Thursday, June 24, 2021

NYC mayoral candidates in the recent primary failed to use tried and true ranked-choice tactics

And of course, since NYC is a Democratic city, the Democratic primary effectively is the election. Ryan Heath tells us "How NYC messed up its mayoral election," Politico Nightly, 6.22.21. Thus:

When Nightly contacted each of the top candidates, not one of them had a plan for telling their voters how to rank the rest of the candidates on their ballots. [...]

That’s Election 101 stuff in Australia, my home country and the global capital of ranked choice voting, where the system is used in all elections from college campuses to federal elections.

When running under a ranked choice system, you make deals:

In a ranked choice system, self-interest dictates that a candidate should make deals with rivals and communicate those deals with voters. But admitting you need voters who think you’re only second-best is the antithesis of New York toughness.

The lowest-ranked candidates could have formed a coalition to take on the big shots, while the more left-wing candidates such as Maya Wiley, Scott Stringer and Dianne Morales could have worked together to blunt the moderates at the top of opinion polls.

Instead it was moderate Kathryn Garcia who did most to explore preference deals, and even that was half-hearted. She failed to return the favor when Yang recommended her as his second choice.

Australia’s experience with ranked choice voting shows that deals among candidates can affect the results. Australian candidates have won ranked choice elections with as little as 0.2 percent of first choice votes. Senator Ricky Muir won a Senate seat in 2013 after starting with 0.5 percent of the vote: He vacuumed up another half million or so votes from voters who ranked him second or lower, closing a 400,000 vote gap. (Muir is an exception, though. The main outcome the system has led to in the Australian Senate, where eight parties are represented, is diversity without gridlock.)

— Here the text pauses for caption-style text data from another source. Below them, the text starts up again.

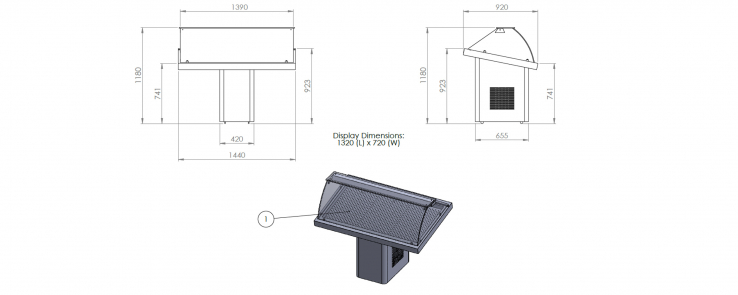 Fischkühltheke mit gebogener Scheibe und Schiebetüren, statische Kühlung, 1440 mm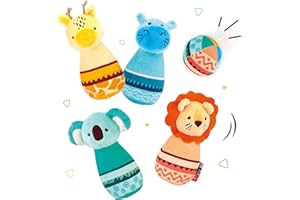 Ludi - Chiglie in Tessuto - Giocattolo di risveglio - Gioco di Bowling - Materiale Morbido - Stabile - Silenzioso - da 10 Mesi - 1 Palla e 4 Birilli pesati - 1 Leone, 1 Ippopotamo, 1 Koala, 1 Giraffa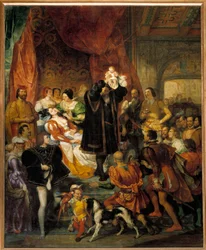 Nascimento do rei Henrique IV em 13-12-1553 no Chateau de Pau Jeanne III, conhecido como Jeanne d "Albret, dá à luz o futuro rei mostra visitantes de seu pai Antoine de Bourbon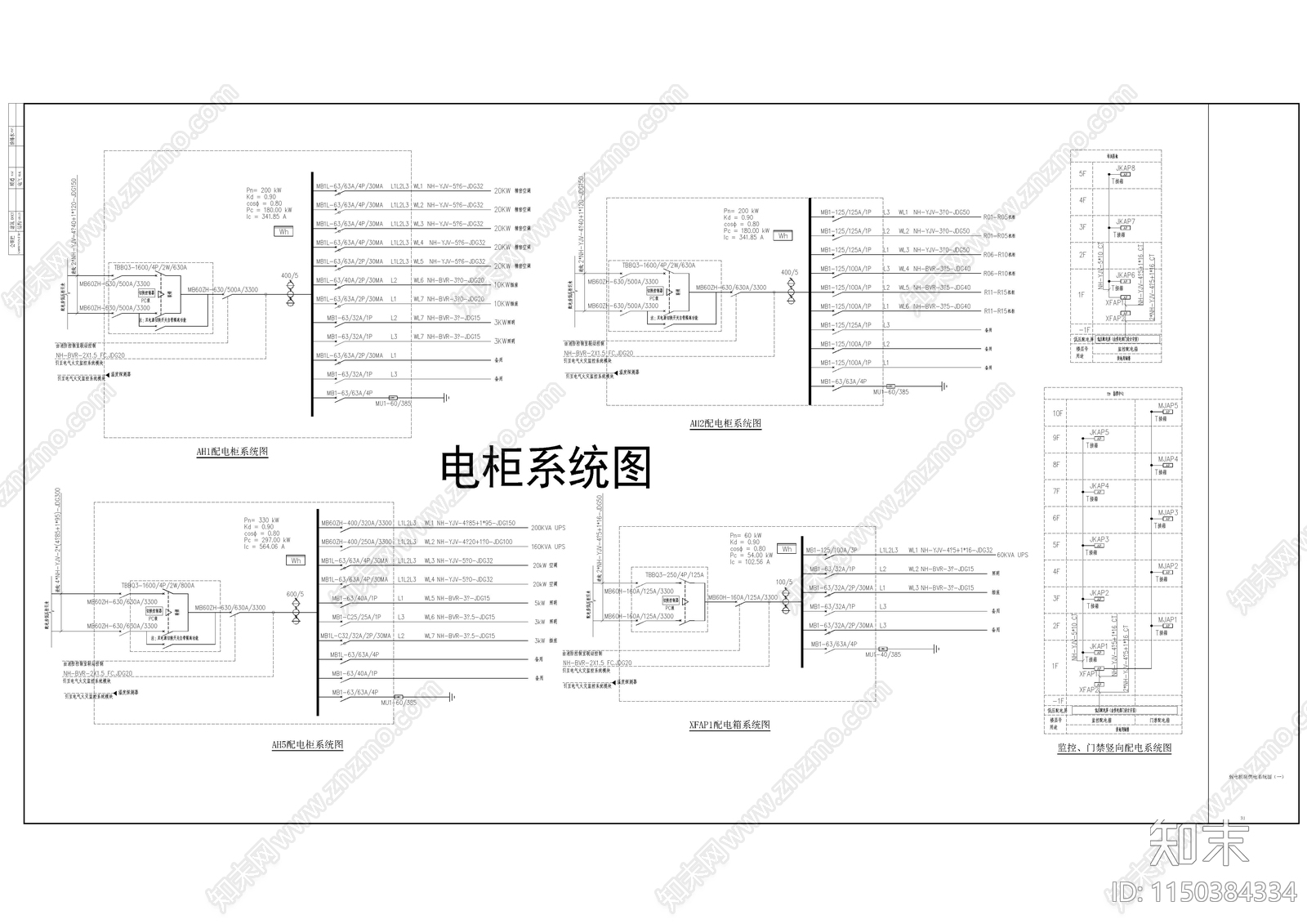 机房工程系统常用弱电图cad施工图下载【ID:1150384334】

More common are “Anyone But X” campaigns. In San Francisco, mayoral candidates Jane Kim and Mark Leno formed a tactical alliance against Mayor London Breed, getting within 2,500 votes of unseating her in 2018.

I wonder if anyone has used game theory to analyze campaign tactics in ranked choice voting systems? This would be a multiplayer game situation, which I understand can be technically challenging.